▶ [To do]:
What is needed is an exact copy of the lines from the one containing "Once the first" through the last line of the records, with no pictures.

-- Records to use follows --

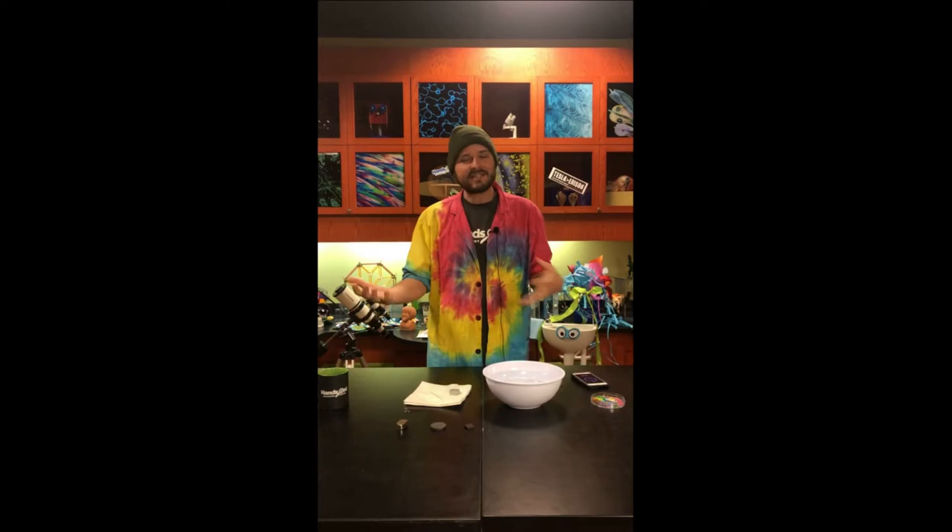Hey there guys, it's John here and I'm back in the Eastman Discovery Lab at the Hands-On Discovery Center with another science creation activity that you can do at home.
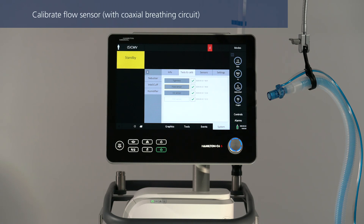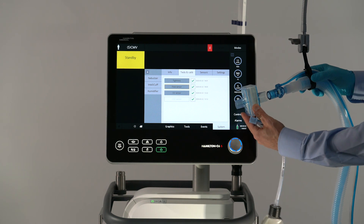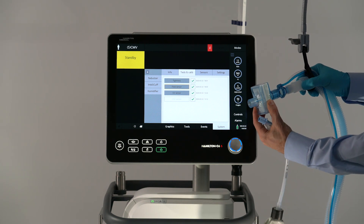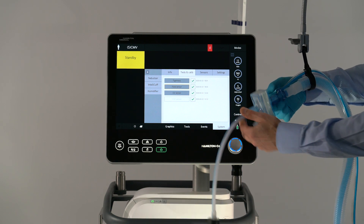If you are using a coaxial breathing circuit, perform the tightness test and flow sensor calibration before connecting an HME filter. Once the tightness test and the flow sensor calibration have been completed, place an HME filter between the patient and the flow sensor.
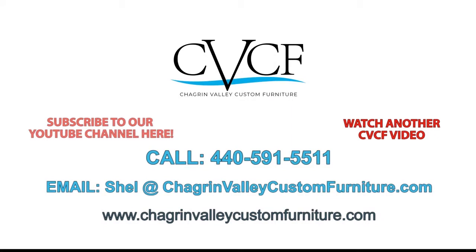If you enjoyed this video, please give it a thumbs up and subscribe to this channel. We post weekly YouTube videos like this one. Thanks for watching.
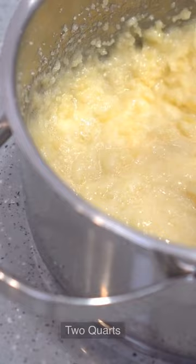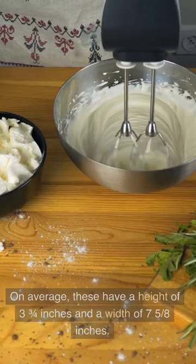2 Quarts: The smallest bowl in your collection is the 2 Quart Mixing Bowl. On average, these have a height of 3 and 3 quarters inches and a width of 7 and 5 eighths inches.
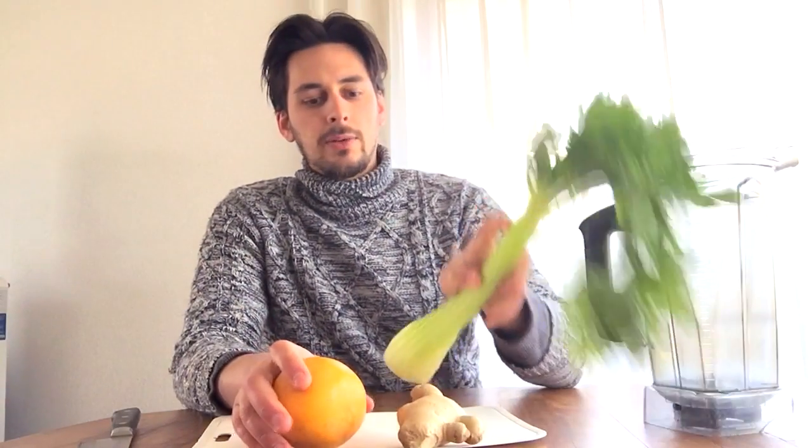Hey there, Film of Forage here from growtheboys.com and I haven't done this in a while, but I'm going to show you a daily juice that I do every single day. It is grapefruit and ginger.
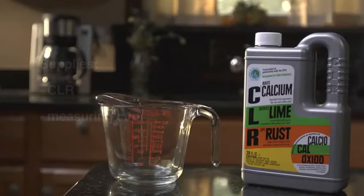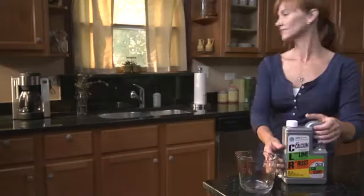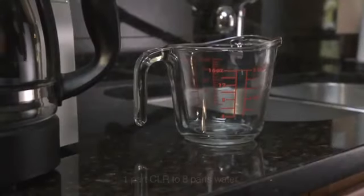Your coffee maker can still make a perfect brew with the help of CLR. It's easy to remove residue and deposits that build up over time and affect the taste of your coffee.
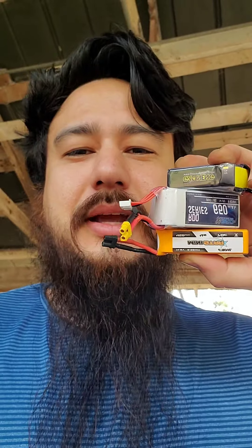So these are dead — like, dead dead. Two of them I ran into the ground because I was so excited about flying that I forgot to watch the voltage meter. And one of them died because I kept plugging it into the 250 trying to connect it to the DJI goggles, and I used up too much voltage — it started swelling and just doesn't have any power. So that's three batteries down.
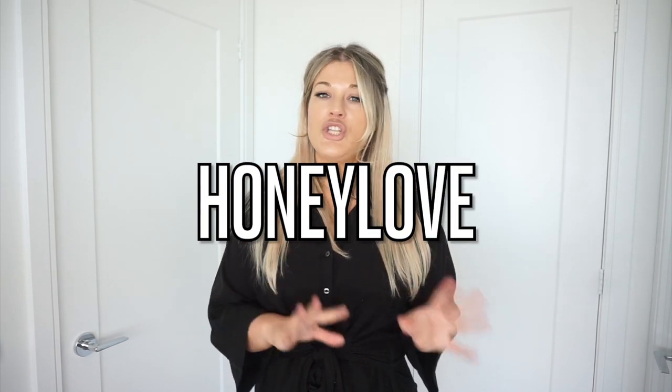Hey guys, welcome back to my channel, or welcome if you're brand new. My name is Olivia and I'm so excited to have you here for today's video, specifically because it's a video I've been wanting to do forever. Today I'm reviewing Honey Love shapewear — highly requested on my channel. Lots of you want to know how shapewear fits on my body so you can reference that to your own body.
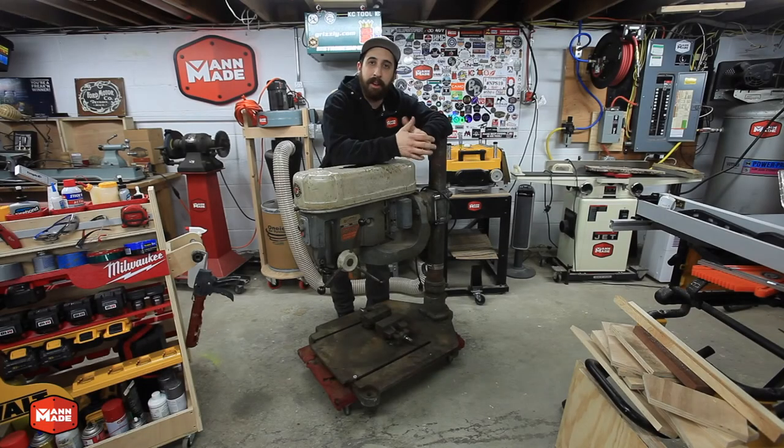Hey, it's Lucas over at ManMade and we're going to kick off the Rockwell Unidrill restoration series with part one, which is going to be an overview of the drill itself, what makes it unique, how it works, and what my plans are for the restoration. So check it out.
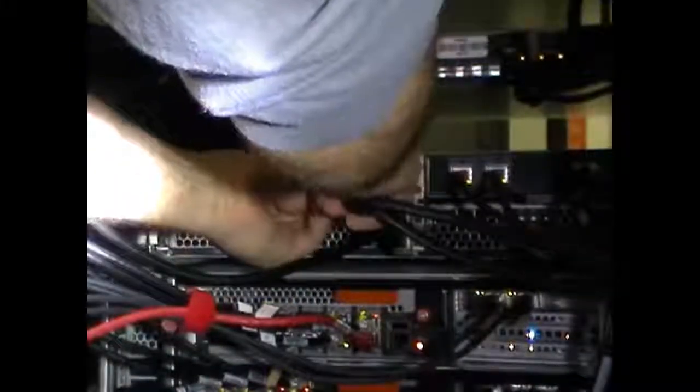Gently push the connector in before pulling the release tab to prevent damage to the cable and the SAS port. Release the locking mechanism and pull out the shelf module.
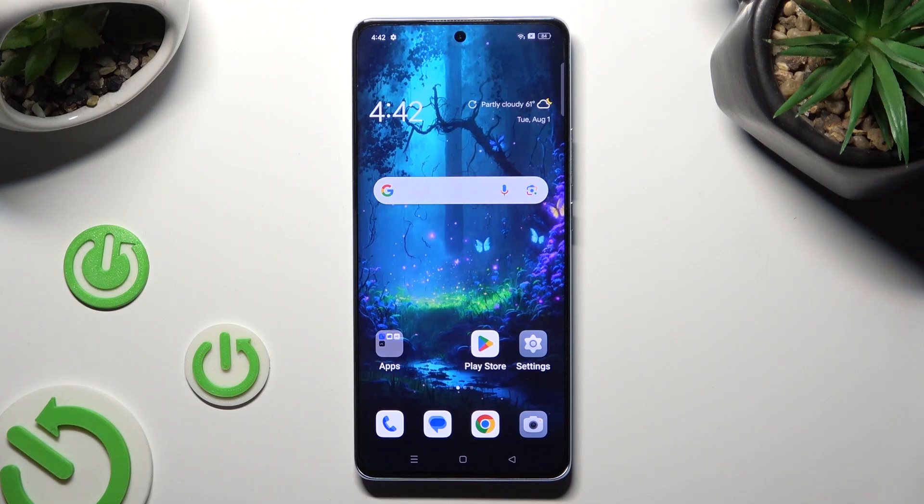Hi! In front of me is the Oppo Reno 10, and today I would like to show you how you can connect it to a printer.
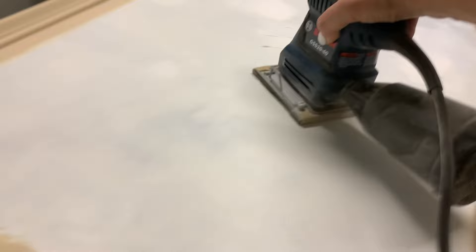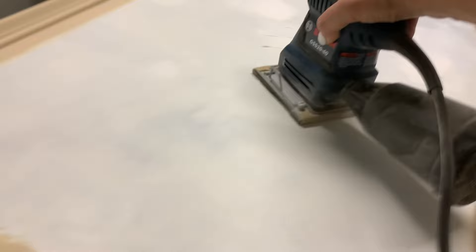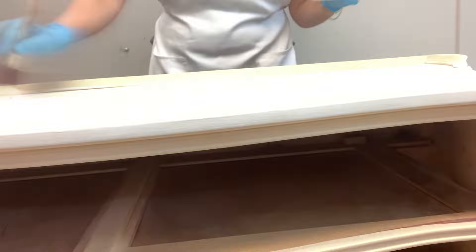Once the first coat of paint was totally dry and same with the wood fill, I brought it back into my sanding room and using my sander, I sanded the wood fill totally smooth. I wiped back all the dust with a tack cloth and then re-primed with BIN shellac-based primer. Once that was all dry, I brought it back into my paint room and gave it two coats of sandcastle on the top.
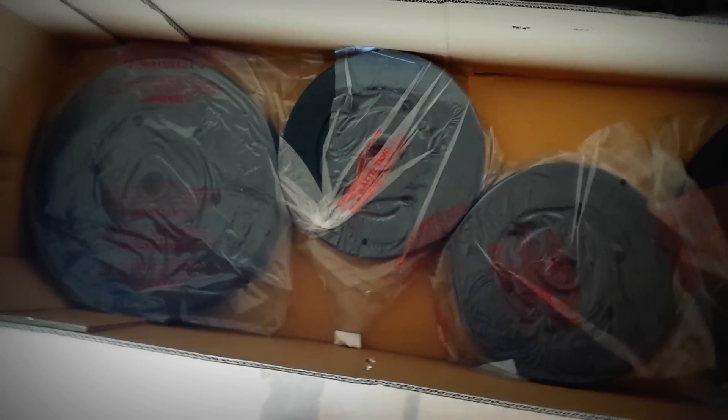Okay, so this is the actual plates right here for the weights — there they go.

-- Records to use concluded --

▶ [Exercise result]:
Once the first coat of paint was totally dry and same with the wood fill, I brought it back into my sanding room and using my sander, I sanded the wood fill totally smooth. I wiped back all the dust with a tack cloth and then re-primed with BIN shellac-based primer. Once that was all dry, I brought it back into my paint room and gave it two coats of sandcastle on the top.
Okay, so this is the actual plates right here for the weights — there they go.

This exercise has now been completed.